On those pics guided lap does not cause the blob but on other pics it does. I can get rid of the blobs on all pics by dropping highlights but like I said this issues was hard to reproduce on the previous build.
edit: If I turn off the high light recon module and every thing looks good , but if I zoom in on the picture other blobs start appearing. I also have another pic that shows the the blob with the module on but if I zoom in it disappears; the same pic will be inconsistent on showing the blob and how high I can raise the highlights before it reappears. I keep thinking opencl or caching because of the inconsistencies
This is why I asked… I noted that using the image from the OP. The displays are not showing the same image and it can change with zoom in the center or main preview while not in the preview/zoom nav preview in the upper left that you use to pan. I used the image with only a small set of adjustments. I started by changing the raw white point to the value stated in the meta data…ie around 15383 I think. Okay so now filmic only at all v6 defaults and with exposure using auto exposure ( I think it calculated and added about 1 EV again by default) and then only activating highlight brilliance slider in the rgb CB module… At 67% no artifact…1 more percent creates an artifact. Things that I noticed impacting this were 1) lowering the filmic transition slider a small amount removes it as does 2) setting structure to 100 percent or bumping highlight saturation to 15% in this case while changing nothing else… so I think some of these have been mentioned but for me and this follows another artifact that I mentioned in a recent post that was dramatically affected by zoom level…it seems to me the previews are not getting the same data consistently and this can impact your evaluation if you are not keeping that in mind… note two things how the display of the artifact in the image changes in the center display and either jumps or disappears with transition images appearing momentarily that seem to more reflect the consistent artifact and also more in line with how it gets displayed up in the zoom navigation preview area (not sure of the name for that one…)
EDIT and what’s even more interesting is you export this image look what you get compared to the preview…
As far as I understand AP’s latest video about highlights reconstruction the result of guided laplacians is dependent on resolution (and filmics hl reconstruction uses guided laplacians). We have different resolutions in the pixelpipes for the small navigation preview in darkroom, the preview in darkroom and export at full size. Maybe that is the explanation?

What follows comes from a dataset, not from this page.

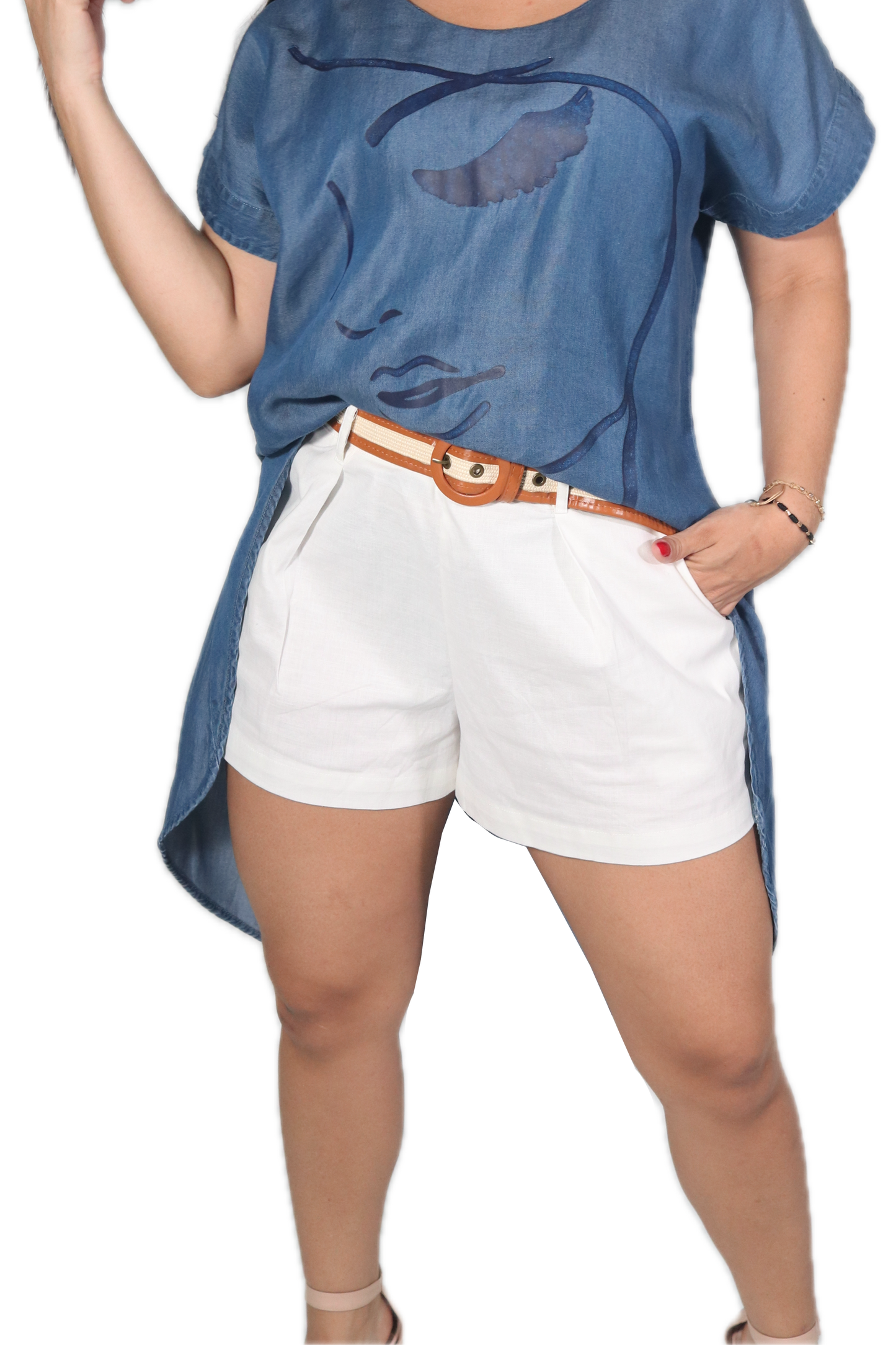 Linen Belt Shorts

Yea the orbs show up on export , even if I turn off the the highlight recon module. they appear when zooming in on the image , which they did not in the previous build. I wonder if I should install the previous build to retest this issue.
edit: install the last build and the problem is still there, I will install the official release to test.
edit 2: tested the official build and still happening. this is a problem that I have had before and all but went away. The only thing that really changed was installing a new build.
I will go ahead and adjust the pics that need adjusting, Will update if I figure out anything new
just a quick note, if you change the saturation method from darktable ucs to the old one you
can go highlight crazy. I can crank the highlight slider to a 100 percent and no orbs.
(this was not my issue though because I’ve been converted over to ucs)
The last insider build is 4.1.0+398~g94db38396, which means there have been 226 commits since the version that’s having a problem. Perhaps try an up to date version and see if the problem still exists.
I should have included that my comments above were using a build that was current that day so only a couple of days old…not the one mentioned in the post
This orb issue was already reported in github, but it still needs resolution. Is this a different issue, if yes, then start a new issue in github. If not, then we need to wait for resolution.
I believe that darktable only calculates the region of interest (ROI) when you are zoomed in, so filters that need all of the image data (i.e. segmentation based highlight reconstruction) don’t necessarily show the true state of the image.